Business

For a win-win financial services Brexit deal, a reboot is needed

If the EU and the UK are each to achieve a win-win outcome in the Brexit trade talks, the EU must become more accountable politically to its own citizens.

For financial services, accountability has yet to kick in. Michel Barnier has announced that the UK cannot expect a binding arrangement to cover financial services trade, something which could have a significant impact on citizens living costs across the 27 member states. And if there cannot be such an agreement, it makes little sense for the UK to persevere in the negotiations as currently structured.

The UK should call the shots over any deal for trade in goods – it has a large trade deficit with the EU. But without services included, the result will not be two-way. To reach an acceptable deal, the UK should stop proceedings to allow member state democratic processes to operate. The UK should explain what is needed and what it would see as a “bad deal”, one pointless to negotiate, which currently seems likely.

What is the default position if there is no deal? For goods, UK consumers could redirect much of their current EU27 expenditure elsewhere to buy quality goods then subject to the same tariff costs, and any EU-facing tariffs of the UK could be used to compensate affected UK manufacturers.

Read more: One third of CFOs gearing up to relocate staff away from UK after Brexit

The UK could unilaterally apply the latest technology to keep its Irish border frictionless, leaving the EU to decide whether to establish a hard border facing the south. The provisional “phase 1” (December) agreement on citizens rights reflects what the UK would anyway declare.

And the ex gratia exit payment is just that – not owing in law. UK taxpayers might rightly ask: what is the UK to get in return for its payment? Unless the EU moves, the answer will be “not enough”.

A no deal outcome would damage the EU, but the negotiations have so far ignored the democratic forces within the EU27 which would demand a comprehensive Brexit trade deal across goods and services. The EU responds to economic facts, but only when democracy gives them voice. The recent decision to divert funding from Eastern Europe to the troubled Eurozone south reflects the urgency of ameliorating southern stagnation, particularly in Italy as the polls threaten Brussels hegemony.

So now the UK must make clear that it expects to have mutual access for financial businesses through the mutual recognition of standards.

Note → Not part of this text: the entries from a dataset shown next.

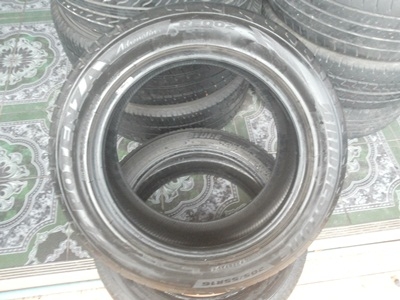 ขายยาง205/55/16 ปี 1642 BRIDGESTON POTENZA RE002   4 เส้น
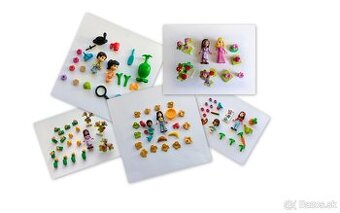 Lego Friends, Disney figúrky, doplnky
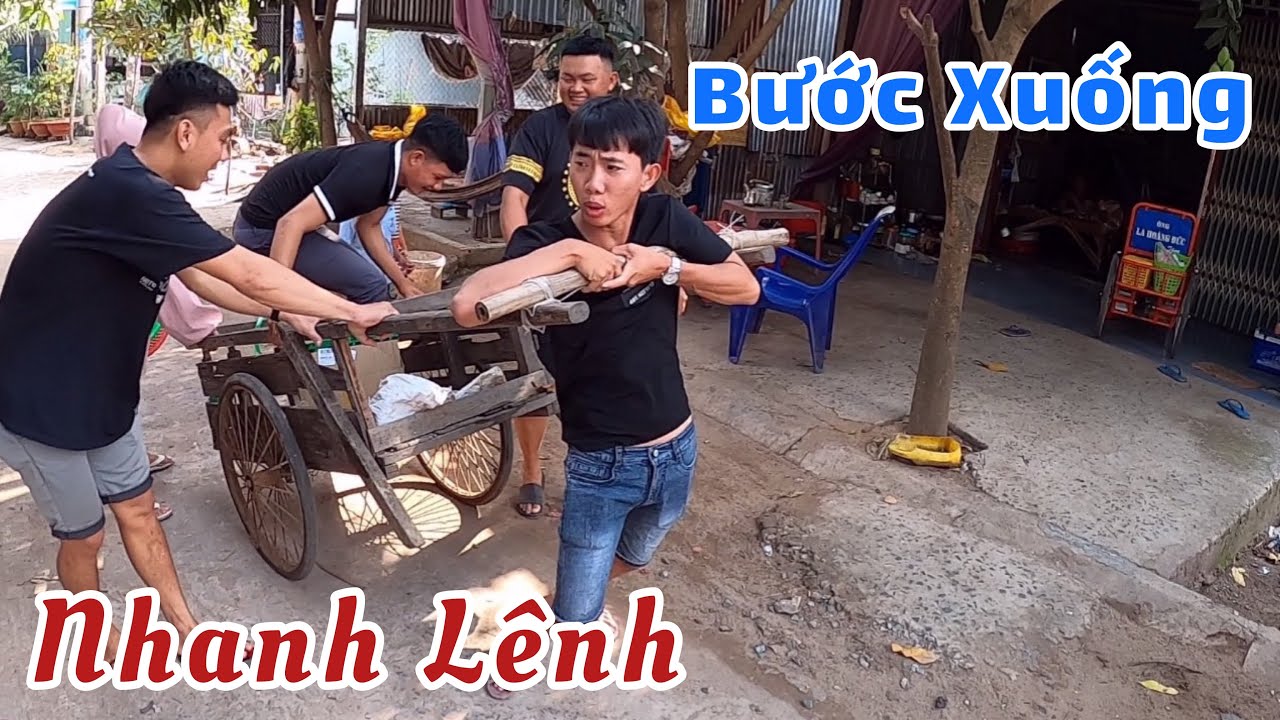 Tình Làng Nghĩa Xóm - Xin Một Vòng Được Một Thúng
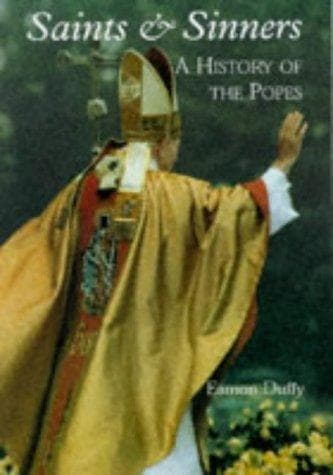 Cover of Saints & sinners by Eamon Duffy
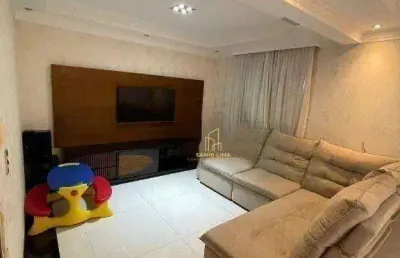Apartamento com 3 dormitórios à venda, 153 m² por r$ 1.299.000,00 - centro - guarulhos/sp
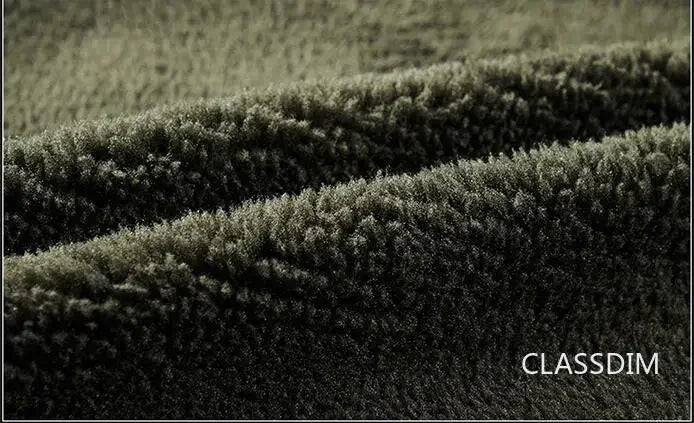 Veste Bomber Homme Hiver Chaude Parka Courte | Doublure Polaire | Coupe Slim | Taille jusqu’au 5XL - BLACKBEARD OUTDOOR INDUSTRIES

This would benefit everybody, giving EU consumers a continuation of the status quo and the lowest priced access to capital.

Read more: Davis warns of "tussle" to include City in Brexit deal

The UK chancellor has proposed a system of “enhanced equivalence”, a term derived from the existing EU notion of “equivalence”. The EU uses this concept to grant access to foreign businesses operating under foreign standards which achieve similar outcomes to those in the EU. But the equivalence laws are currently imperfect and the UK wants to implement a fuller arrangement.

The proposed deal would allow access for all financial businesses operating between the UK and EU for every business area where the regimes achieve similar high-level outcomes. When possible, the outcomes would reference international standards, the touchstone for regulation. The arrangements would be overseen by an independent court.

Can this be easily implemented?

Absolutely. This idea, which I proposed in June 2016, setting out the detail throughout 2017, involves a light-touch international treaty with relatively minor amendments to EU law itself.

Alternatively more of the detail can be put into the Brexit agreement, as has recently been suggested.

Read more: Bank of England teams up with the ECB on financial services Brexit group

The EUs negotiating team asserts no such arrangement can be established because it would give rise to systemic risk in the EU. The governor of the Banque de France alleges the UK would rush to apply lower standards, creating huge danger. This is ironic since the EU has regularly sought to prevent the UK applying its traditional approach of higher standards and fewer rules, which was the method that allowed the UK to avoid the main effects of the Wall Street Crash. The EU viewed the UKs higher standards as offering competitive advantage. In truth, enhanced equivalence would remove systemic risk, not create it.

Underlying the EUs position appears to be a desire, originating principally from France, to prevent the City from being overly competitive by not agreeing to an access deal and then seeking to control UK regulation through the EUs existing equivalence mechanics. Yet this is to pull at the shorts of the neighbouring runner in the hope of competing better oneself. The UK would just wriggle free.

This is where the EU27s democratic processes need to be given the opportunity to assist. The UK should step away from the melee and publicly explain the pre-requisites for any post-Brexit trade arrangements, refocusing the talks onto a model capable of forming the basis for a lasting agreement that both sides can support.